← PostgreSQL Concepts

Partial index

An index that catalogues only the rows worth cataloguing. If you'll allow me — the rest do not deserve the shelf space.

Concept · March 21, 2026 · 8 min read

A partial index is an index built on a subset of a table's rows, defined by a WHERE clause in the CREATE INDEX statement. Only rows that satisfy the condition are included in the index. If your queries always filter on the same predicate — WHERE status = 'active', WHERE deleted_at IS NULL, WHERE created_at > some_date — a partial index gives you the same lookup speed as a full index at a fraction of the size, with less write overhead and less bloat over time. It is, if I may say so, indexing with discrimination. The good kind.

What a partial index is

A standard index includes every row in the table — the active, the archived, the forgotten. A partial index is more selective. It includes only the rows that match a predicate you specify at creation time, ignoring everything else entirely. The syntax adds a WHERE clause to CREATE INDEX:

SQL
-- Standard index: indexes every row in the table
CREATE INDEX idx_orders_status ON orders (status);

-- Partial index: only indexes rows where status = 'active'
CREATE INDEX idx_orders_active ON orders (status)
  WHERE status = 'active';

The first index stores an entry for every row in orders, regardless of status. The second stores entries only for rows where status = 'active'. If the orders table has ten million rows but only 500,000 are active, the partial index is roughly 5% the size of the full index. One does not catalogue the entire archive when the guest only ever asks about the active inventory.

The indexed column and the predicate column do not have to be the same. You can create a partial index on customer_id with a predicate on status — the predicate controls which rows enter the index, while the indexed columns control how they are organized within it.

Why partial indexes matter

Every index comes with costs: disk space, buffer cache pressure, and write amplification. A full index on a large table pays these costs for every row, including rows that no query will ever look up. This is the indexing equivalent of polishing silver that never leaves the cabinet. Partial indexes pay only for the rows that matter.

  • Smaller index — fewer rows means fewer index pages. A smaller index fits more easily in the buffer cache, which means more cache hits and fewer disk reads during scans.
  • Faster scans — fewer pages to traverse during an index scan.
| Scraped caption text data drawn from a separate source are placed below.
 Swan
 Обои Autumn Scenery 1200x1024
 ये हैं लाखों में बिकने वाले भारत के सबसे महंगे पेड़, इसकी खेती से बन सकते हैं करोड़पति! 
For range scans across a partial index, PostgreSQL reads fewer leaf pages than it would on a full index covering the same columns.
  • Less write amplification — when a row is inserted or updated, PostgreSQL only writes to the partial index if the row matches the predicate. Rows that do not match are invisible to the index, so no index maintenance is performed.
  • Less bloat — fewer index entries means fewer dead index entries after updates and deletes. The index stays compact longer between REINDEX operations.
SQL
-- Compare the sizes
SELECT
  indexname,
  pg_size_pretty(pg_relation_size(indexrelid)) AS size
FROM pg_stat_user_indexes
WHERE tablename = 'orders'
  AND indexname IN ('idx_orders_status', 'idx_orders_active');

-- If 5% of rows are active, the partial index is ~5% the size of the full index.

Common use cases

Partial indexes earn their keep when the data has a clear, stable partition between rows that queries care about and rows that they do not. The pattern is always the same: a large, quiet majority and a small, active minority that receives all the attention.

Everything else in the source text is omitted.